The caveat, though, in Malone's mind, is that Gen Y's fierce independence will accelerate the nation's evolution from a corporate economy of worker bees to an entrepreneurial one of innovative thinkers and rapid change, one where a majority of the Gen Y workforce is self-employed or even part of an ever-widening proprietary class.

"This cohort, many with parents who have always worked at home, has little interest in ever taking an office job, or working for a business that doesn't change," he writes. The Gen Y group will be fiercely start-up oriented, and "by 2013, perhaps two-thirds of all adult Americans will be classified as entrepreneurial."

Get out of the way GenX. Those Millennials have some serious destiny to fulfill. By 2013—four years from now—they are going to comprise a new entrepreneurial class that is twice as large as all the other adults in the country.

Wednesday, June 10, 2009

Graduate School for Millennials

I was really inspired by this post on Seth Godin's blog. If you're not following Seth's blog, I would suggest trying it for a few weeks. This one is about things recent college grads can do to bolster their chances of getting hired in this tough employment market. Like a lot of Seth's ideas, they're pretty bold and in your face. He advises:

How about a post-graduate year doing some combination of the following (not just one, how about all):

1. Spend twenty hours a week running a project for a non-profit.
2. Teach yourself Java, HTML, Flash, PHP and SQL. Not a little, but mastery.

3. Volunteer to coach or assistant coach a kids sports team.
4. Start, run and grow an online community.
5. Give a speech a week to local organizations.
6. Write a regular newsletter or blog about an industry you care about.
7. Learn a foreign language fluently.
8. Write three detailed business plans for projects in the industry you care about.
9. Self-publish a book.
10. Run a marathon.

Beats law school.

If you wake up every morning at 6, give up TV and treat this list like a job, you'll have no trouble accomplishing everything on it. Everything! When you do, what happens to your job prospects?

I tried to imagine myself doing these things when I was 22 and fresh out of college. Heck, I tried to imagine myself even having the presence of mind to imagine doing these things when I was 22 and fresh out of college. Some of them were just not possible (did Java even exist in 1990?), and others would have been a whole lot more difficult than they are today (self-publishing a book, etc.). But I certainly could have done some of them and they undoubtedly would have made me more employable.

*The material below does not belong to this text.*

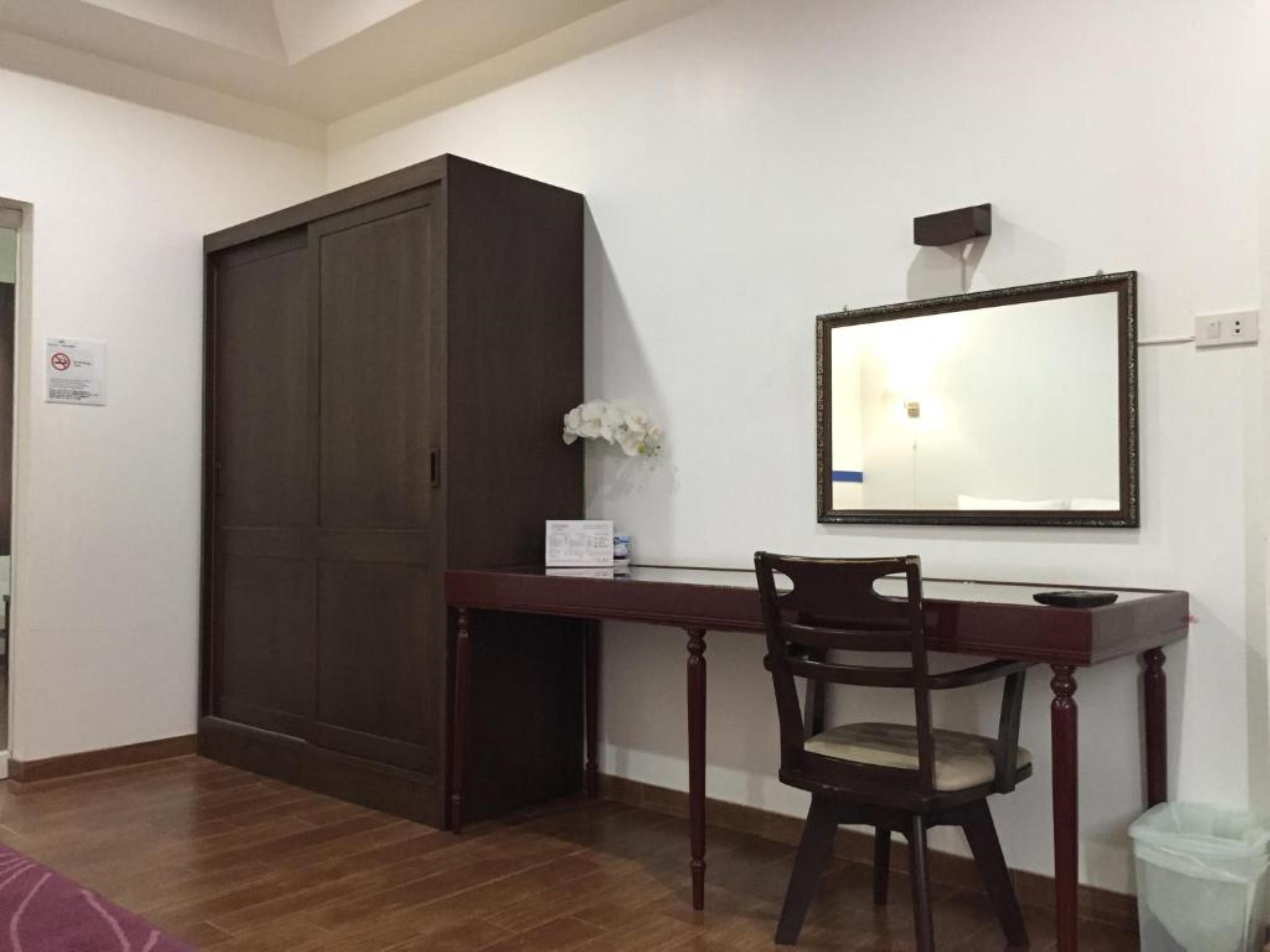 Issara House Bangkok Hotel Екстериор снимка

And that got me thinking about the people graduating from college today. Sure, they've got more tools at their disposal to do some of the things on Seth's list, but I also suspect that they have more presence of mind about promoting themselves and their brand than I did at their age. Am I crazy, or is this one of those things that makes me think the Millennials are going to run over the GenXers when the two groups start competing for the leadership positions vacated by Baby Boomers?